Most entrepreneurs hear a lot about cash flow from their bankers, financial advisors, and accountants, but how many of us really understand what this term means? More importantly, many business owners don’t recognise the importance of healthy cash flow in their businesses, leading to financial problems and even failure. Let’s unpack the concept of cash flow and see how vital it is to the success of any business.
What is cash flow, anyway?
Wordy definitions are seldom useful to hands-on entrepreneurs, so let’s keep it simple – cash flow is a way of understanding the amount of revenue your business takes in, and how much cash is on hand at a given time. Revenue can be understood as all money paid to your business when you sell goods and services, and having enough of it is extremely important for every business.
Cash flow vs. profit
A common mistake that many entrepreneurs make is to keep both eyes firmly fixed on making profits without taking cash flow into consideration. Profitability is the end goal of every business owner – there is no doubt about that – but without cash flow even a profitable business can land up in serious financial trouble. Here is an example that should make this concept clearer:
Let’s take the example of John, the owner of a small manufacturing company. John’s products are high-quality, well-priced, and popular with the market. He has many loyal customers, who give him repeat business, and his list of new customers is growing at a healthy pace – but just a few months ago John was on the verge of bankruptcy. How is this possible?
Although John’s products were selling well at a good profit, he found that most of his revenue was going back into manufacturing more products to meet his growing list of orders. While he waited for clients to pay, John was caught out by monthly overheads and salaries – at one stage he had no way of paying these expenses and was on the verge of losing members of his staff.

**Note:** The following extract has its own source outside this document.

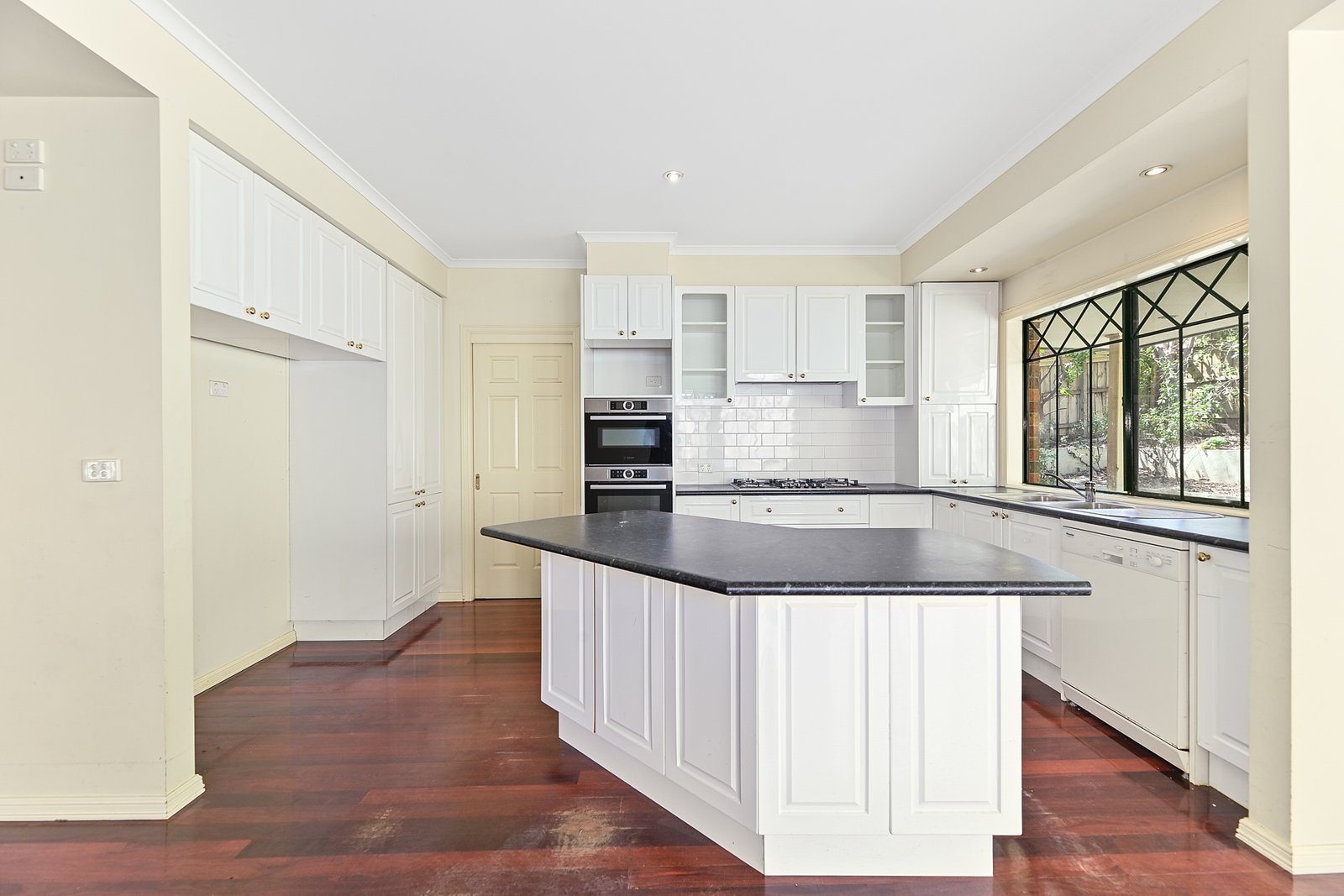 Gallery: 41 Victory Boulevard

The solution to John’s problem was a credit facility. Because his business was serving so many customers he needed a source of funding to tide the company over until payments came in. With a low-interest facility from his bank he was able to keep the wheels rolling while his cash flow was weak, and by reducing monthly overheads he was able to slowly accumulate a cash reserve during times of strong cash flow.
Today John doesn’t make use of his credit facility too often, but keeps it active as a back-up source of funding.